これらうまみを持った食材を2、3種類組んでだしを取ると、相乗効果でうまみが数倍以上増幅することも判った。神経生理的に癒し効果や満腹感を覚えることも判明した。
だしはうまみを持った食材を水に浸し、または煮てそのうまみを引き出したものであるが、日本独自の文化ではない。実は、鎌倉時代から室町時代にかけて中国の禅寺の精進料理が京都や鎌倉に伝えられ、それに学んだ。

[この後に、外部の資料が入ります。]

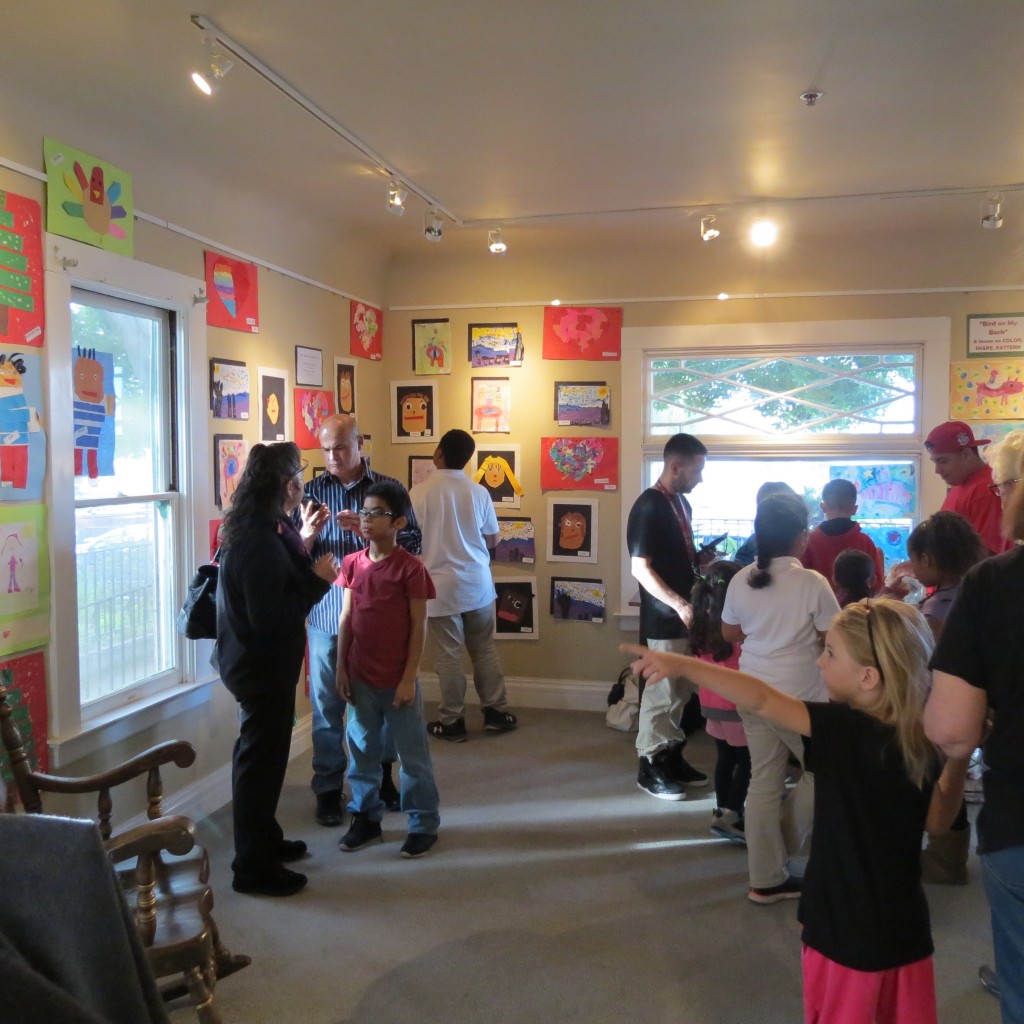 Students and residents attend the Sutter Elementary School Art Exhibit at the Lynn House Gallery in March.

中国はだしを(タン)、フランスはFond(フォン)、イタリアはBrodo(ブロード)という。イタリア料理に欠かせないトマトにはグルタミン酸は多い。韓国の沈菜(キムチ)に入れるアミや鰯の塩辛、中国福建省の魚露(ユイロウ)蠔油(ハオイウ)、東南アジアの魚醤(ぎょしょう)(ニョクマムやナンプラー)、スリランカや南インドで使うモルディブフィッシュなどもうまみはたっぷり。動物の肉や油脂、乳製品にもうま味がある。世界のうまい料理は(かん)(しおからい)・(かん)(さん)(しん)()(じゅう)(しぶい)だけでなく、うまみでも支えられている。

伝承料理研究家
奥村 彪生

食のかたがみ展 だし チラシ(PDF:1.1MB)

時間:
10:00 – 21:00
開催場所:
無印良品 有楽町 2F ATELIER MUJI
入場無料

 

主催:無印良品/企画:くらしの良品研究所/監修:奥村彪生(伝承料理研究家)/企画協力:片岡護(リストランテ「アルポルト」オーナーシェフ)、谷昇(「ル、マンジュ、トゥー」オーナーシェフ)、中村新(産業フードプロデューサー、噺家料理人)、藤井まり(国際精進料理研究家)、脇屋友詞(「Wakiya 一笑美茶樓」 オーナーシェフ)/会場構成:萬代基介(萬代基介建築設計事務所)/グラフィックデザイン:木住野彰悟(6D)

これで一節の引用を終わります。